When I joined Rowland Hall in eighth grade, I would have never expected to end my freshman year of high school as a “baller.” But a “baller” I would become as I chose to join the girls’ basketball team. Thanks to the fact that Rowland Hall is a 2A sports school, I was able to join the team confidently without having to worry about the strict tryouts and standards that are occasionally held at public schools. I was able to gain confidence, playing time, and new skills along with the 15 other girls I can now call family. Though our team might not contain the best basketball players in the U.S., who can sink 3-pointers from anywhere on the court, I wouldn’t trade anything for my freshman season on the Rowland Hall girls’ basketball team. The comforting environment that the team created was unmatchable; Arianna Ali, a freshman on the team, said, “My favorite memory with the team this season was definitely having those funny conversations in the locker room. Even if we were up by 10 or down by 15, we would always be laughing about something, the vibe was always great, and that was always something I looked forward to.”
The funny thing is, I would have never joined a new sport if it weren’t for the fact that Rowland Hall is a 2A school. Tryouts are scary, and so are coaches that make you do suicides until you feel like you have to throw up. Do you want to know one more thing that’s scary? Girls who are really good at basketball because they have been playing since they were three. At bigger schools, joining new sports is much more intimidating. Park City High School provides an example of this: Bella Caputo, a freshman who plays for Park City lacrosse, says, “The team has a lot of good girls, the best in the state, so it’s a little hard to fit in unless you’re popular and really good, plus they’re not very welcoming.” Imagine being a new player to Park City girls’ lacrosse team finding yourself criticized by other girls not only because of your lack of skill, but also your popularity or friend group, something you can’t control. Bella continues, “I don’t think I would recommend joining the team unless you have played for more than three years.” Thankfully, unlike at most public schools, tryouts, strict coaches, and scarily good girls aren’t part of the package when you sign up to play for Rowland Hall. Instead, as the first practice came around, I was met with understanding coaches, supportive teammates, and a place and community that I would find myself craving and excited for. Each day when I entered the gym, whether or not that was after the car rides that the upperclassmen would give me and my fellow lowerclassmen in which we’d belt out the lyrics to Zach Bryan and Kasey Muskgraves’ “Dawns” as we made our way to the McCarthey Campus for practice in the gym, I was able to forget the stress from the previous seven hours of school that I had just endured. Each day, basketball practice was my reset button, a place where I could forget everything else and work towards my newfound passion. Basketball was starting to become more than just a sport that would fill my sports credit necessary to graduate high school.
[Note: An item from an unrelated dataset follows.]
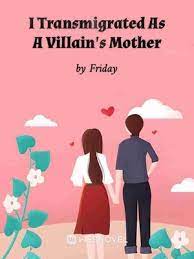 I Transmigrated As A Villain’s Mother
As the season progressed, the team did too. Although we weren’t winning most of our games, towards the end of the season, in January and February, anyone could tell the team was starting to mesh together and become a group that had trust and confidence in each other. With our small squad of 15 girls, we were able to get to know each other well past the first judgements of who we were going to have to fight for minutes on the court. A smaller team meant that we could have a string of players that trusted each other, that trust being gained through the out-of-practice excursions that the team would take to the bowling alley, ice cream shop, and cafeteria where we held a gingerbread making competition. When one of our seniors, a varsity starter, left the team and several of our other varsity starters endured injuries, junior varsity members were forced to play up to varsity, me being one of them. Although this might not seem like a big deal as we are only playing in high school and not the WNBA, it was for me, again, a freshman with no previous experience. But I shouldn’t have worried, because all of the trust that I was just talking about transferred into my first varsity game where I would shoot my first in-game free throw ever. I didn’t need to worry because I knew no matter the outcome, I would still love, respect, and appreciate my teammates, and they would still love, respect, and appreciate me.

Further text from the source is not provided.